Rinviare di nuovo le gare per l’affidamento delle concessioni balneari vorrebbe dire andare contro una sentenza del Consiglio di Stato e contro l'Europa, che da tempo è pronta ad aprire una procedura d'infrazione nei confronti del nostro Paese per il mancato rispetto della Bolkenstein. Non sarebbe certo un buon viatico per il ministro Raffaele Fitto, che in queste settimane è impegnato nella trattativa con l’Ue per modificare il Piano nazionale di ripresa e resilienza. Lo scontro frontale con Bruxelles sui balneari rischierebbe di mandare all’aria anche la partita sul Pnrr, assai più importante.

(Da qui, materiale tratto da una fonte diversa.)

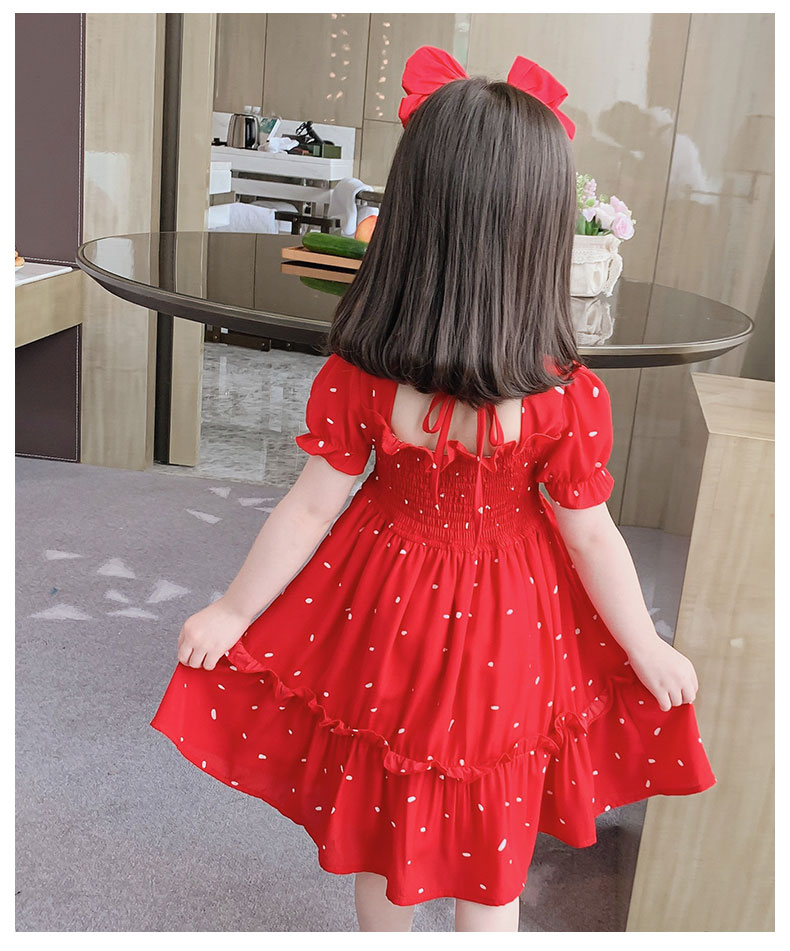 NNJXD Girls Polkadot Princess Dress Summer Children Birthday Party Korean Style Flared Sleeve Clothes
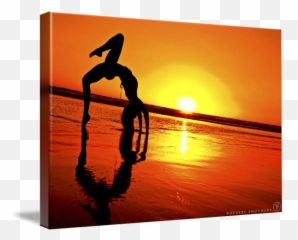 Yogi Woman Yoga Silhouette Bridge Pose Reflection By Novazzi Photoart - png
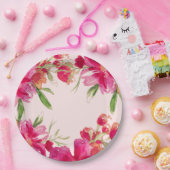 ロマンティック明るい赤紫色フラワーズパーティー紙プレート ペーパープレート (パーティー)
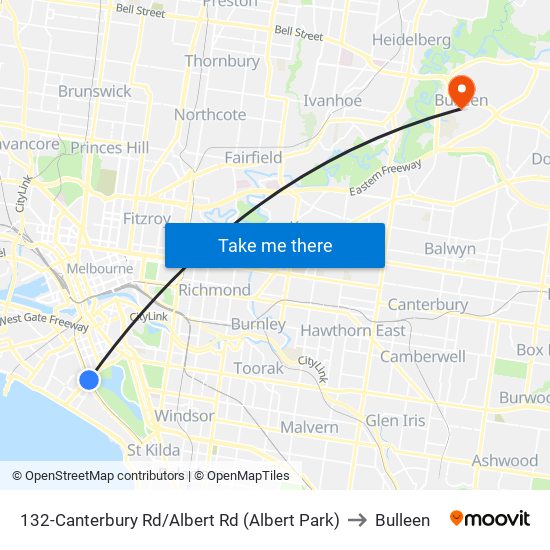 132-Canterbury Rd/Albert Rd (Albert Park) to Bulleen map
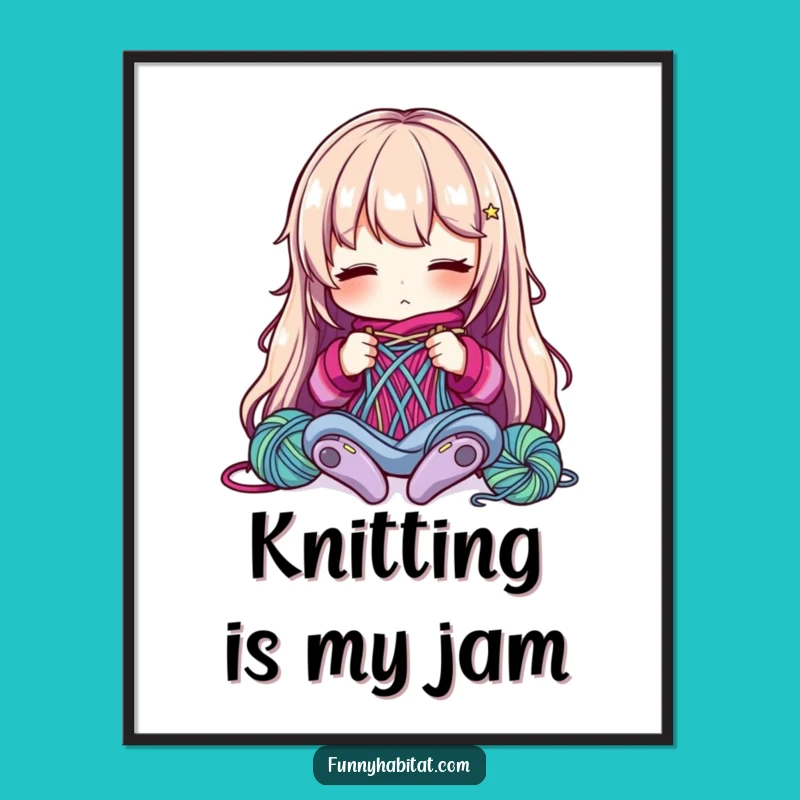Funny Digital Art: Focused Knitter Inspiring Joy, Perfect Gift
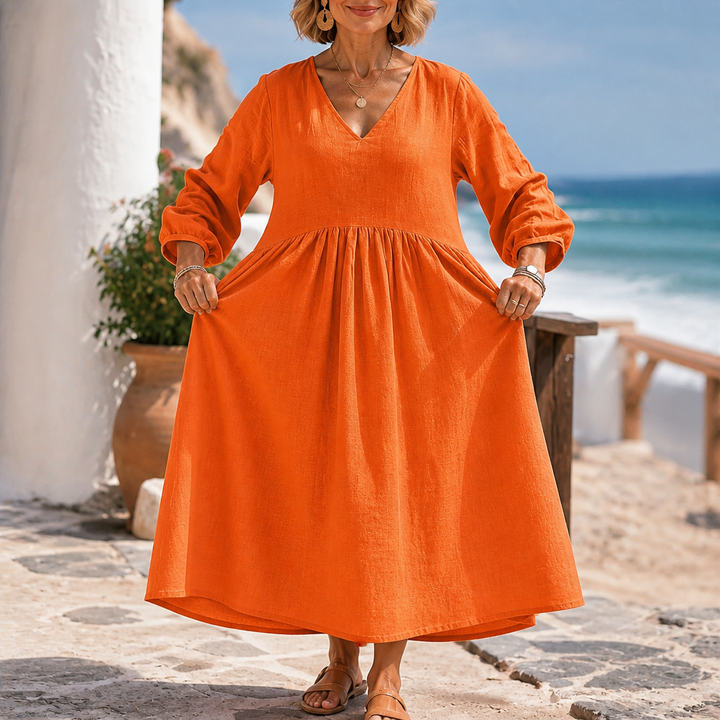 Linenova – Pleated V-Neck Cotton-Linen Look Maxi Dress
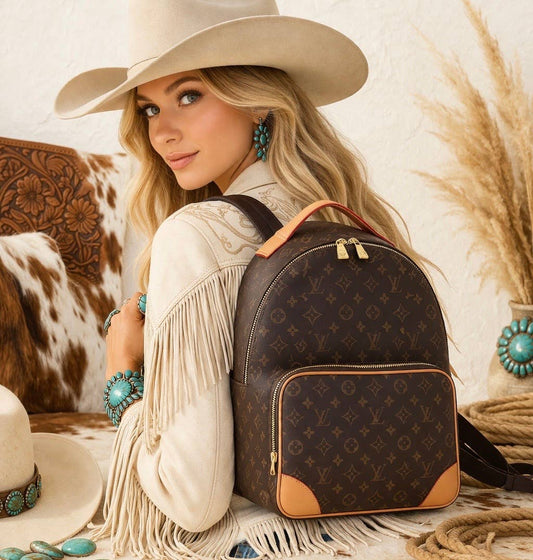 Whiskey & Lace Outfitters /The Longhorn Hippie Co. - 🤎🛍️ Upcycled Designer Monogram Backpack
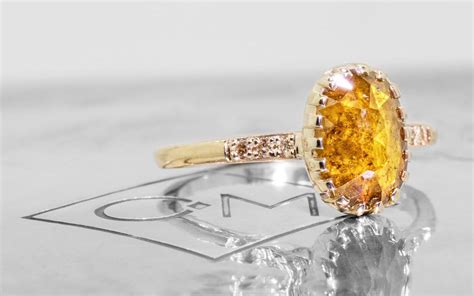 203 Carat Amber Diamond Ring In Yellow Gold Chinchar Maloney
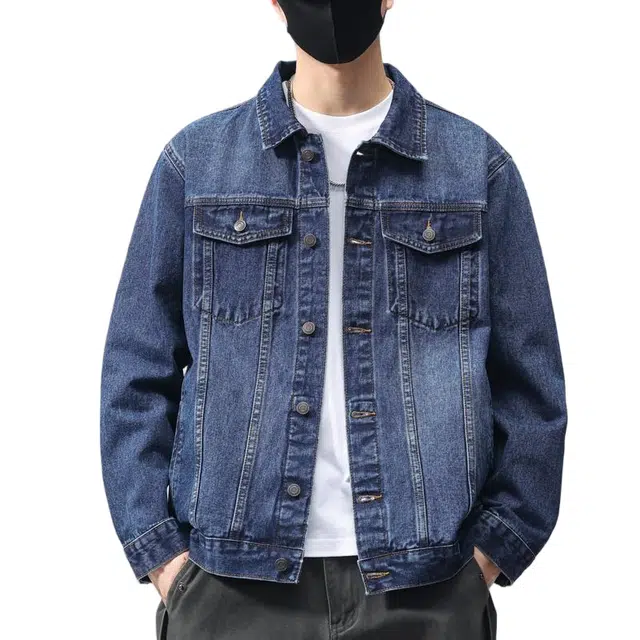 棉基因 复古潮牌简约纯色宽松大码高街水洗做旧休闲百搭日常通勤单排扣透气落肩氛围感翻领牛仔外套 男女同款 六色可选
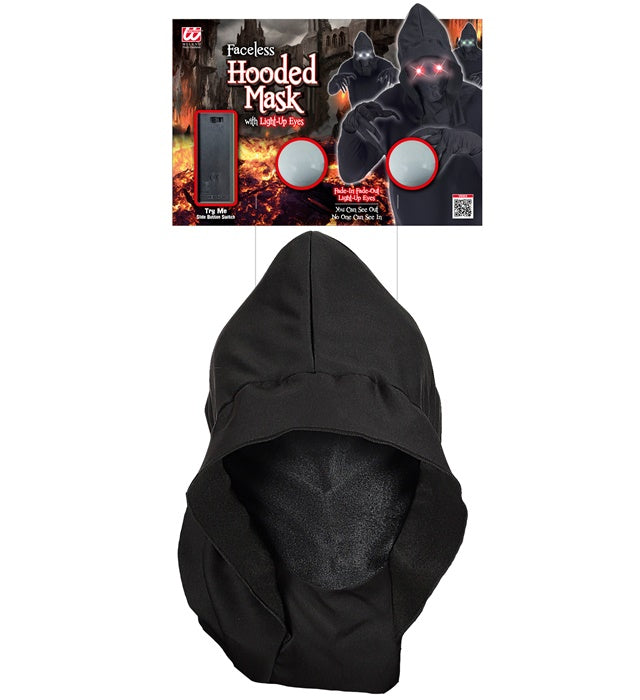 Faceless Hooded Mask With Red Fade-In Fade-Out Light-Up Eyes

Per non avere problemi con Bruxelles, però, Meloni apre un fronte di battaglia con le associazioni di categoria e con gli alleati del centrodestra, visto che Lega e Forza Italia hanno depositato e confermano, in vista del voto in Commissione, gli emendamenti che rinviano le gare per l'assegnazione delle spiagge di uno o due anni. Da Fratelli d’Italia fanno sapere che la questione resta prioritaria e che il governo sta lavorando a un provvedimento ad hoc.

Per quanto riguarda la ratifica del Mes, FdI sta sondando i suoi militanti, ma l’obiettivo è non portare il tema in Parlamento prima delle elezioni regionali: il pericolo è di mettere sotto i riflettori in Aula la frattura che spacca il centrodestra su questo tema, con l’isolamento della Lega - contraria alla ratifica - e il probabile aiuto al governo che arriverà da Pd e Terzo Polo.

Infine, l'autonomia differenziata. Martedì si terrà una riunione tecnica per fare il punto sulle modifiche chieste da Meloni e Tajani alla bozza di Calderoli, con l'eliminazione del riferimento alla spesa storica (che penalizza il Sud), e il vincolo di approvare una legge sui Livelli essenziali delle prestazioni (Lep) prima che la riforma entri in vigore. Due correzioni importanti, che però, c’è da scommetterci, non basteranno ad appianare le divergenze in Conferenza delle Regioni e in Parlamento. Per tenere buono Salvini, Meloni darà probabilmente una via libera preliminare alla riforma in Consiglio dei ministri, ma ciò non toglie che il provvedimento continui a non piacere a FdI e ai berlusconiani.

Con queste tre mine sul sentiero, il cammino del governo si preannuncia difficile nelle prossime settimane. E il rischio di incidenti è molto alto.